EXERCISE REQUIREMENTS — Your output must be the lines below from the line containing "Наградиха спечелилите фотоконкурса" to the line containing "Lead Free Rigid", both lines included, reproduced exactly and without pictures.

SOURCE RECORDS —
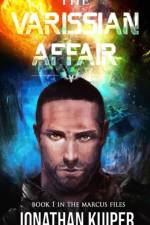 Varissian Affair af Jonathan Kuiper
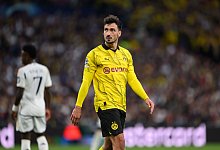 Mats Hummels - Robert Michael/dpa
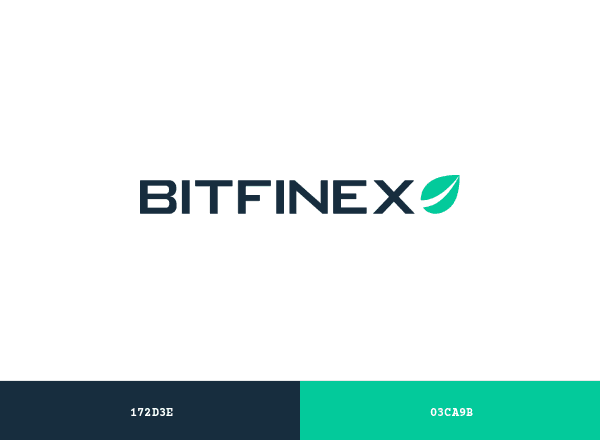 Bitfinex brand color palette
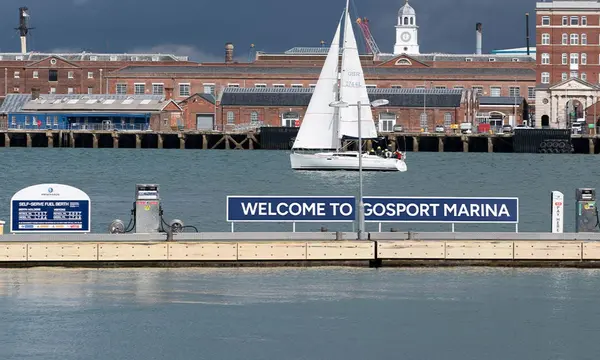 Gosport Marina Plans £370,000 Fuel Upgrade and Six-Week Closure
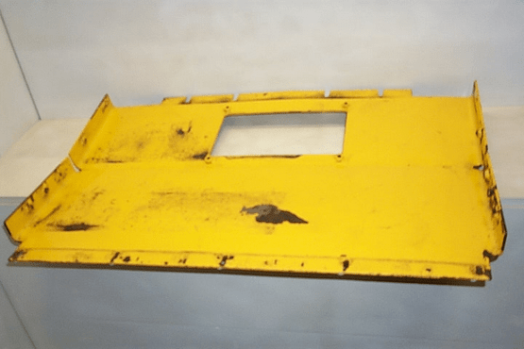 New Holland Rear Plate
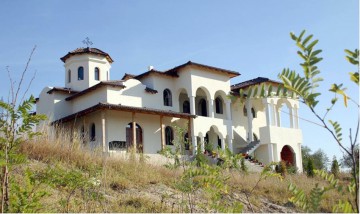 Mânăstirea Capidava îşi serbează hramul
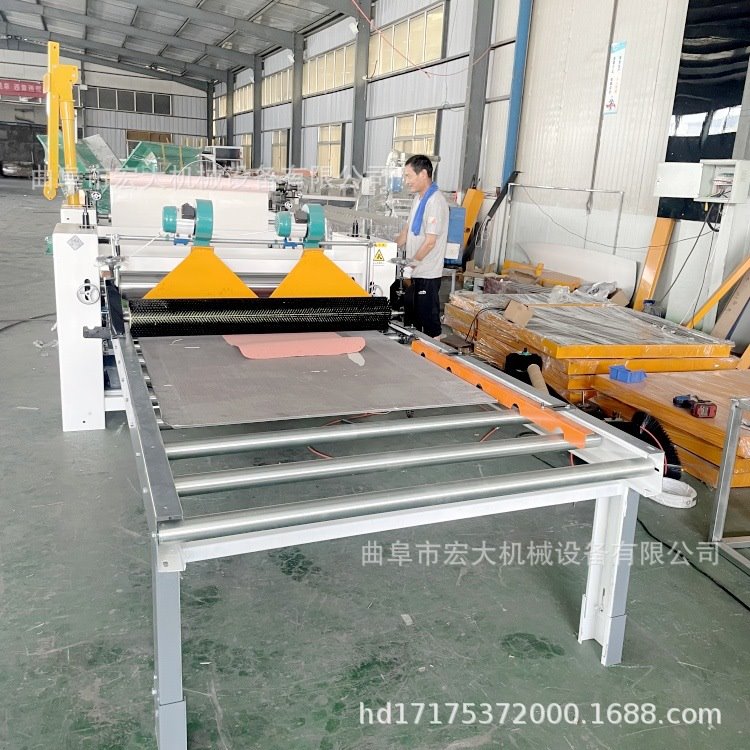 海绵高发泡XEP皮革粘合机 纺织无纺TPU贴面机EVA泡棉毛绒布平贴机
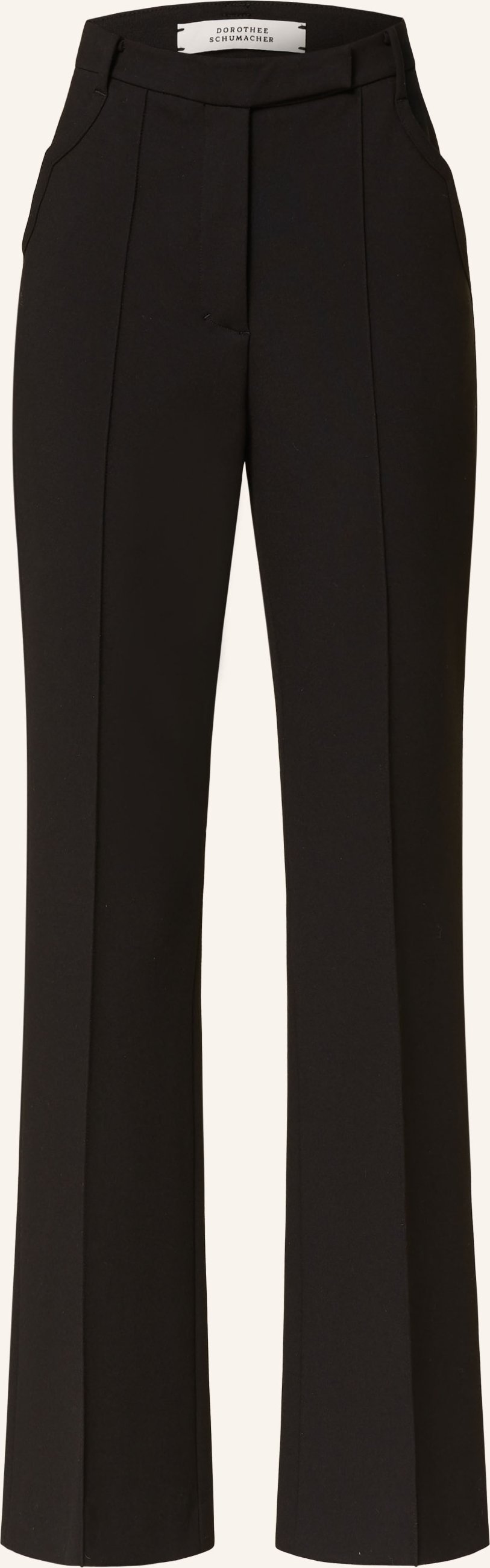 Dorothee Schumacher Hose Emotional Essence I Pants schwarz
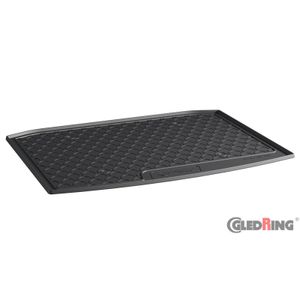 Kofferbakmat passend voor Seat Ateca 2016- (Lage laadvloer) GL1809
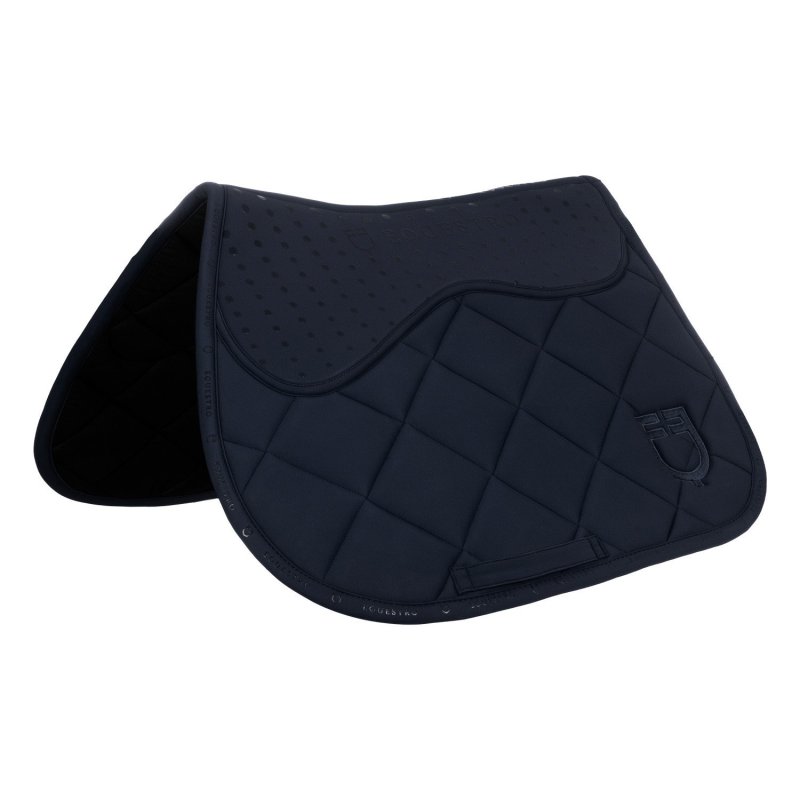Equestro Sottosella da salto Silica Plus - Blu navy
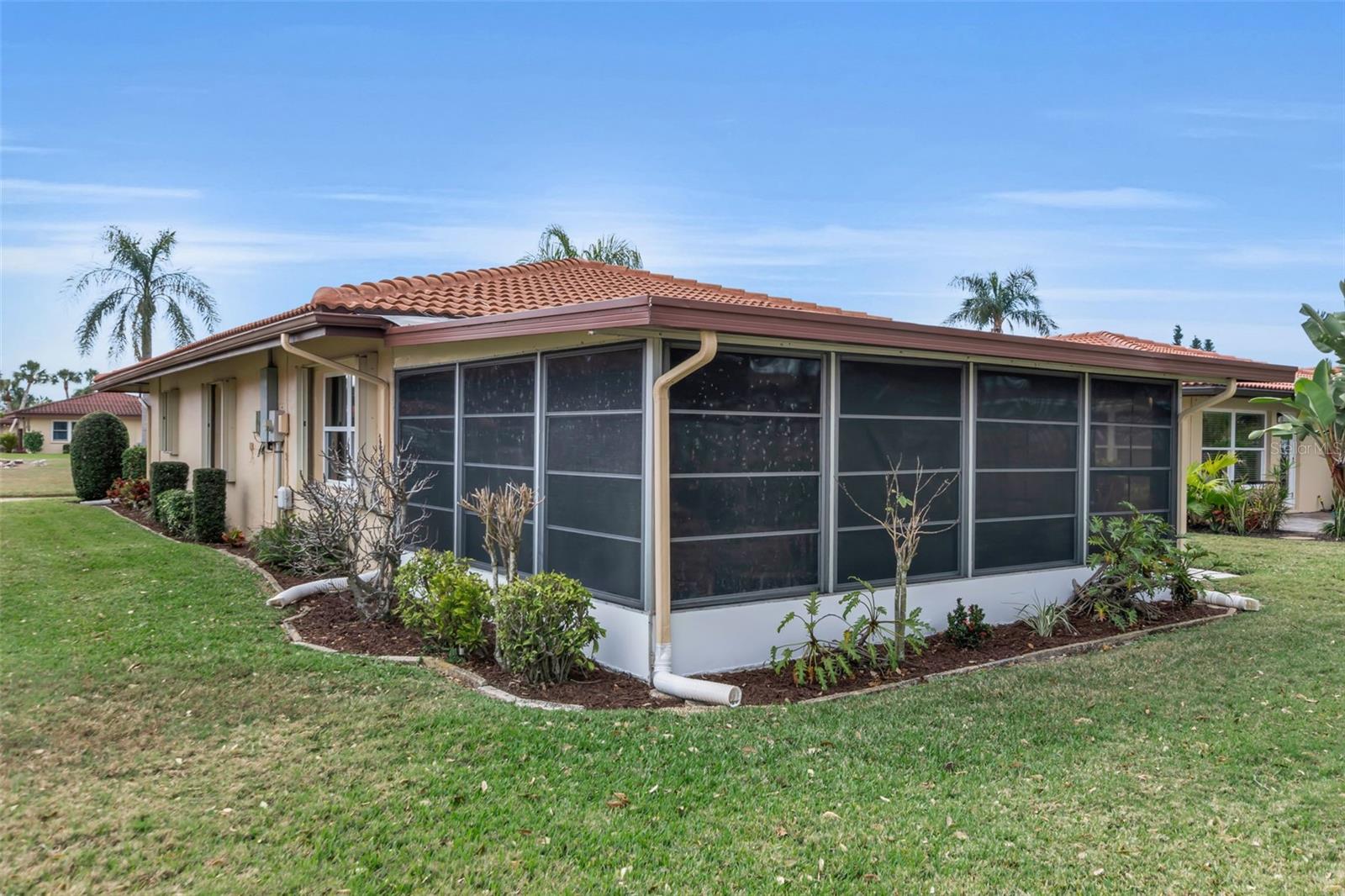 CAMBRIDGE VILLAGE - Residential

==

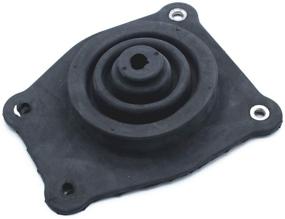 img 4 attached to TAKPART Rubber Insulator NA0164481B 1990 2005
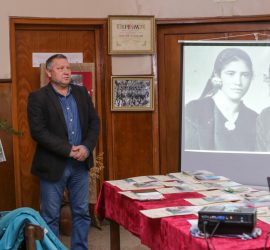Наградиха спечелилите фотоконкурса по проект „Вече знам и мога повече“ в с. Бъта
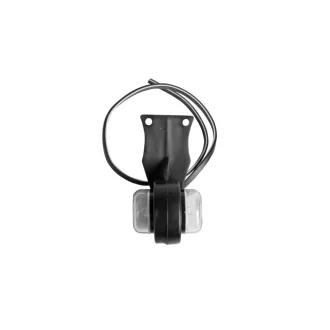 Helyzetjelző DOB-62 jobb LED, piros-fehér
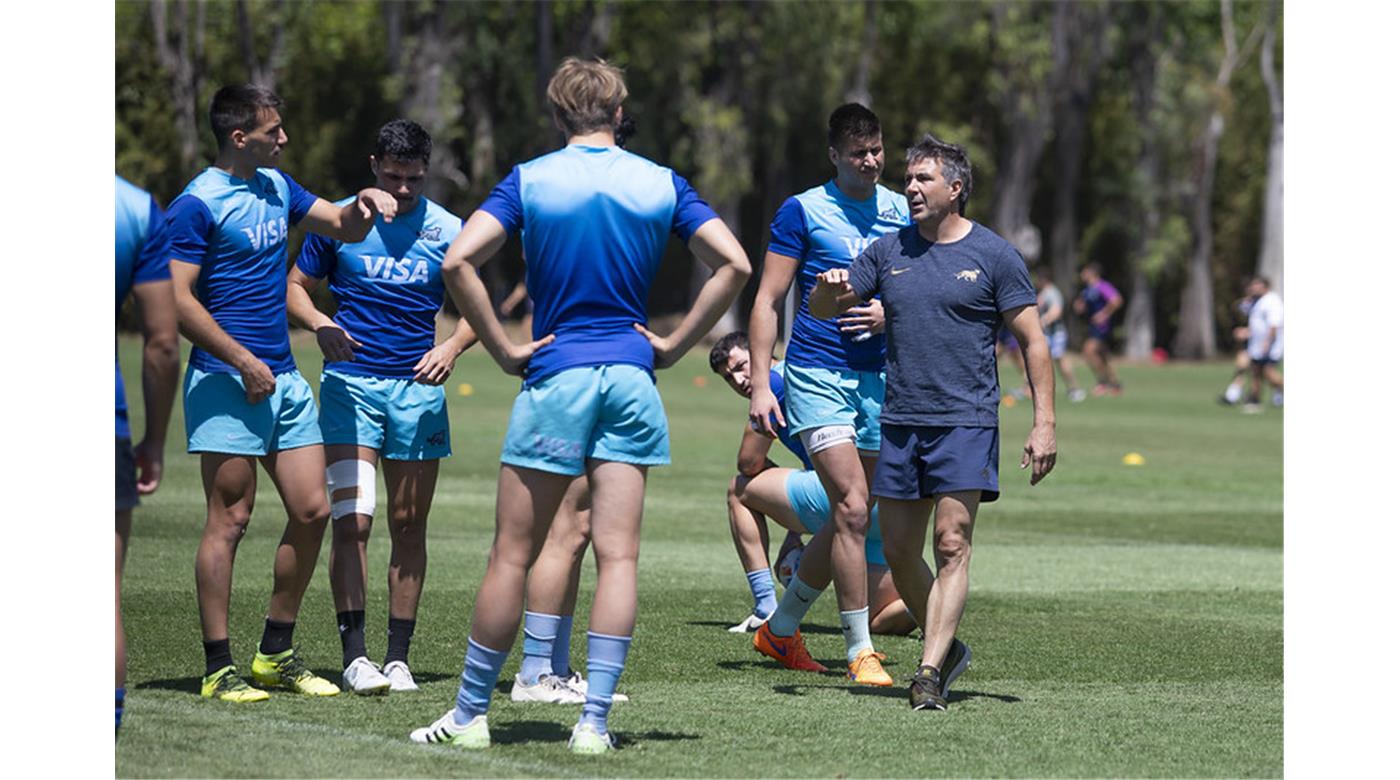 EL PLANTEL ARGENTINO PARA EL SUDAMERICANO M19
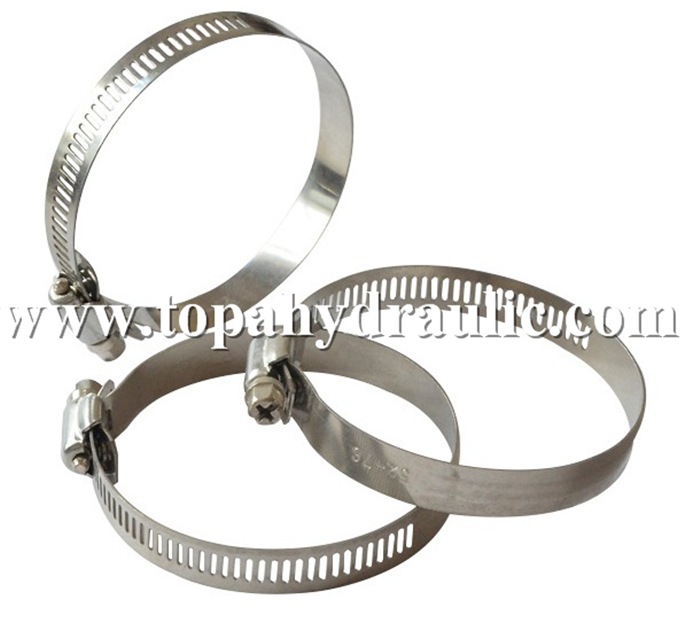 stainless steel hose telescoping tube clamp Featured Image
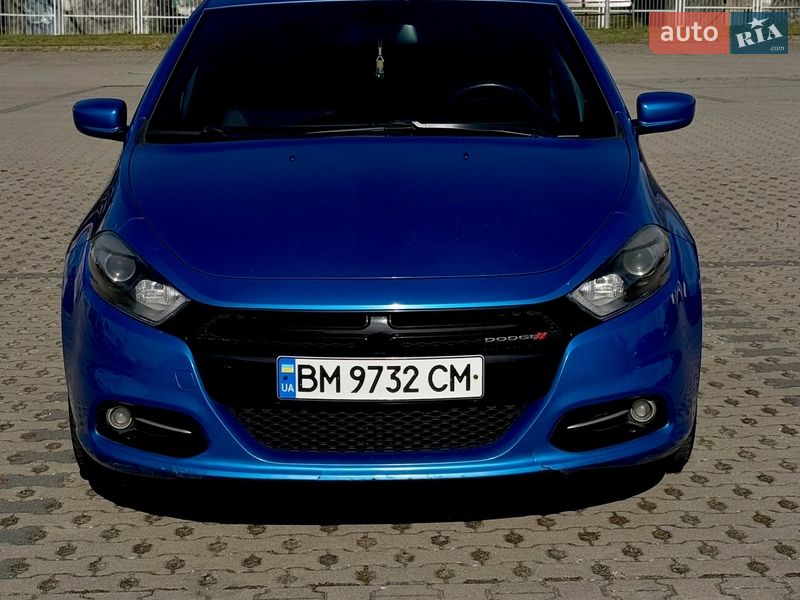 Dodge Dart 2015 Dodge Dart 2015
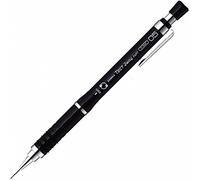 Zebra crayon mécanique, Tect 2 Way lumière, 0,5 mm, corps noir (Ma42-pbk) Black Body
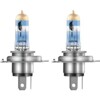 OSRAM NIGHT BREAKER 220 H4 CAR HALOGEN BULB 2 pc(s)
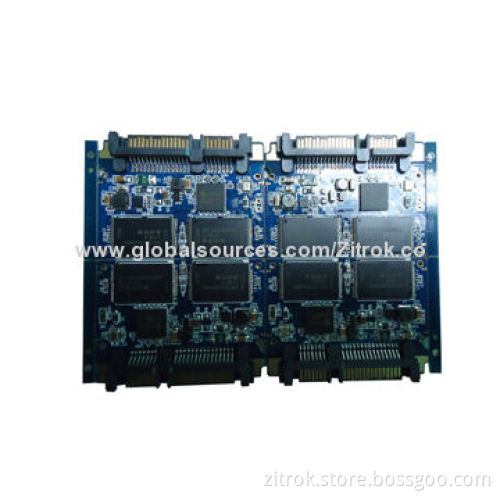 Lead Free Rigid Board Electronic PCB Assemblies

ANSWER SECTION —
Наградиха спечелилите фотоконкурса по проект „Вече знам и мога повече“ в с. Бъта
 Helyzetjelző DOB-62 jobb LED, piros-fehér
 EL PLANTEL ARGENTINO PARA EL SUDAMERICANO M19
 stainless steel hose telescoping tube clamp Featured Image
 Dodge Dart 2015 Dodge Dart 2015
 Zebra crayon mécanique, Tect 2 Way lumière, 0,5 mm, corps noir (Ma42-pbk) Black Body
 OSRAM NIGHT BREAKER 220 H4 CAR HALOGEN BULB 2 pc(s)
 Lead Free Rigid Board Electronic PCB Assemblies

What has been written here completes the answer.